What you are asked to do: Range to output from the entries below: the line containing "2 personers sofa" through the line containing "Comfy Upholstered Rocking". Set it down exactly, ends included, nothing else.
Supplied records Block Start
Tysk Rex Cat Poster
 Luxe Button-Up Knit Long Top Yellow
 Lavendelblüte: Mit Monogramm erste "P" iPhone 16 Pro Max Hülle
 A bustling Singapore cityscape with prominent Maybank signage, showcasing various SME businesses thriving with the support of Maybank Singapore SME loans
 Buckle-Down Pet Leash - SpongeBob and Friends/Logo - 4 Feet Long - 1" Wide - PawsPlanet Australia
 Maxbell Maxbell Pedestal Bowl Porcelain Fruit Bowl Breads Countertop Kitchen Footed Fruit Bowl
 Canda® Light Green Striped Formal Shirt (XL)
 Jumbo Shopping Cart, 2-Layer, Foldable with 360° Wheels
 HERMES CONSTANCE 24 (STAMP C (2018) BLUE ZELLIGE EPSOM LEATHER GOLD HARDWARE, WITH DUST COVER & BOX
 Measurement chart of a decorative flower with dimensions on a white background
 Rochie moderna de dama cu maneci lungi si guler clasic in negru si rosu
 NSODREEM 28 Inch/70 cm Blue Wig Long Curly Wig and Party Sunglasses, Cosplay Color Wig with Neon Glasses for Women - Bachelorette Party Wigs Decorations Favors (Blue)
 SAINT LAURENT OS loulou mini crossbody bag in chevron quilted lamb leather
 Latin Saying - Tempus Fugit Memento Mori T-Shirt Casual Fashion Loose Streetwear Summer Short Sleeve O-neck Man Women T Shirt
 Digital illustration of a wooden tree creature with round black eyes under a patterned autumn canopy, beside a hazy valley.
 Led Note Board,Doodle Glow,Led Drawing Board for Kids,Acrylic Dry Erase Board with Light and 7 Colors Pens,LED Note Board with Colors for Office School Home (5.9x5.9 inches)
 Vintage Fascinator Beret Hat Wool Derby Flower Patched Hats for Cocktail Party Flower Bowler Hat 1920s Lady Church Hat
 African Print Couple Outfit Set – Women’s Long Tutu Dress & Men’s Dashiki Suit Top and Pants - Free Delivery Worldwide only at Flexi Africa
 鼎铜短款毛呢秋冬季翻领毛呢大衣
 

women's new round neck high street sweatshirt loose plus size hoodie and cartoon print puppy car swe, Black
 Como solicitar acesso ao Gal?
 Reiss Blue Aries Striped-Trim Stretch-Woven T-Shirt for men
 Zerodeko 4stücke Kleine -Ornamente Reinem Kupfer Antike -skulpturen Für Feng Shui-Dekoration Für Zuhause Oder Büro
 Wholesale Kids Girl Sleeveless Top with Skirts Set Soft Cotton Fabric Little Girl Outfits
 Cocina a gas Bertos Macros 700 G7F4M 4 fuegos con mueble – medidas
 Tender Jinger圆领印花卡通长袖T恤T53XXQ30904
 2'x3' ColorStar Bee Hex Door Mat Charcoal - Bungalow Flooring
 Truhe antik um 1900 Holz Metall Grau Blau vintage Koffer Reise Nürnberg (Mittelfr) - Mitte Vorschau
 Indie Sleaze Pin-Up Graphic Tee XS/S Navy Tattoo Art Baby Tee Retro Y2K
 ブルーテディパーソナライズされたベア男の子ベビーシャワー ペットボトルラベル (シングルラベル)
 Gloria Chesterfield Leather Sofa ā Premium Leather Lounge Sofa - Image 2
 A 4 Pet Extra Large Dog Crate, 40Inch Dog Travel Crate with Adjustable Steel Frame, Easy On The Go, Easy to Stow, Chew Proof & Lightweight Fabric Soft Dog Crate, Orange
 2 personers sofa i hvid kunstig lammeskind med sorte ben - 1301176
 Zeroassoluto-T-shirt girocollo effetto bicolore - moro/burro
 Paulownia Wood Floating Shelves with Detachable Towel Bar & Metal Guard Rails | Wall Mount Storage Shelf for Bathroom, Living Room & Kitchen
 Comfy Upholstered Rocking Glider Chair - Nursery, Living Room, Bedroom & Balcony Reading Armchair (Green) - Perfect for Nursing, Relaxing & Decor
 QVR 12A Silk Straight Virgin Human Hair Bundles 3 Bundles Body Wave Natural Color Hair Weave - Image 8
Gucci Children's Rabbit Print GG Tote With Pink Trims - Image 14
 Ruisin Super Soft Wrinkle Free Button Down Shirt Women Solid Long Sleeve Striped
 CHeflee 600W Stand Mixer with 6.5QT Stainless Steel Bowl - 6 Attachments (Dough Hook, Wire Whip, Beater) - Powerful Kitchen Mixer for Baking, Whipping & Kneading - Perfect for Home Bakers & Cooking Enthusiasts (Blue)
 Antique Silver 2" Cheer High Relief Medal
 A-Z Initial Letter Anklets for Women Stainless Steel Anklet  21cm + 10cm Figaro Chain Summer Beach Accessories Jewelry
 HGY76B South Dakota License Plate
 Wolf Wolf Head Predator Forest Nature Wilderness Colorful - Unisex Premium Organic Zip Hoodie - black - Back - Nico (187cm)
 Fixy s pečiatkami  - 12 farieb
Supplied records Block End
Task response:
 2 personers sofa i hvid kunstig lammeskind med sorte ben - 1301176
 Zeroassoluto-T-shirt girocollo effetto bicolore - moro/burro
 Paulownia Wood Floating Shelves with Detachable Towel Bar & Metal Guard Rails | Wall Mount Storage Shelf for Bathroom, Living Room & Kitchen
 Comfy Upholstered Rocking Glider Chair - Nursery, Living Room, Bedroom & Balcony Reading Armchair (Green) - Perfect for Nursing, Relaxing & Decor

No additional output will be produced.